Panetti’s case is so egregious that a coalition of prominent conservatives, many of them death penalty supporters, are calling on Texas governor Rick Perry to do what he can to commute Panetti’s death sentence (Although Perry doesn’t have unilateral authority to do so, he can grant a stay and put pressure on the Texas Board of Pardons, whose members he appoints, to grant a commutation).
This week, the list of conservative supporters grew as more prominent figures sent a new letter to Perry urging clemency. Among those signing: former Virginia attorney general Ken Cuccinelli; Dave Keene, opinion editor of the Washington Times; Reagan biographer Craig Shirley; American Enterprise Institute scholar Charles Murray; Floyd Brown—best known as the producer of the famous Willie Horton ad during the 1988 presidential campaign; longtime Republican National Committee member Morton Blackwell; Maggie Gallagher, the former head of the anti-gay marriage group National Organization for Marriage, and many others. They write, “Mr. Panetti is one of the most seriously mentally ill prisoners on death row in the United States. Rather than serving as a measured response to murder, the execution of Mr. Panetti would only serve to undermine the public’s faith in a fair and moral justice system.” . . .

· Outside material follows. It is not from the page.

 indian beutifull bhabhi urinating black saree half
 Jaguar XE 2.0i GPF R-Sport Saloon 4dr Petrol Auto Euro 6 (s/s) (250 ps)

It’s also unusual for conservative Christians to support a clemency petition like Panetti’s. The last time evangelicals really rallied en masse to prevent a pending execution was in 1998, in the case of Karla Faye Tucker, who converted to Christianity in prison and became a conservative cause célèbre. Despite the pleadings of evangelicals such as Pat Robertson, then-Texas Gov. George W. Bush, went ahead with the execution, and Tucker became the first woman executed in the state since 1863.
The Panetti case is different. His religious fervor is the product of a brain disorder, and the evangelicals’ opposition to his execution is not related to his religious proclamations. It is more of a reflection of the shift in public attitudes regarding capital punishment that has been driven by the growing number of exonerations of death row inmates, the high number of mentally ill and disabled people sentenced to die, and the inefficient and expensive administration of capital punishment. “A lot of conservatives are late to realize that the whole criminal-justice system is part of the government,” says Richard Viguerie, a prominent conservative leader and an ardent opponent of the death penalty.
In fact even the most directly affected survivor of Panetti’s violence — his ex-wife, the daughter of Panetti’s victims — has said she believes he is deeply sick and should be spared.
The only real advocate for killing a man who is, mentally and morally speaking, a helpless victim of his illness, is the faceless nameless “criminal justice system,” that moves forward inexorably towards its predetermined destination.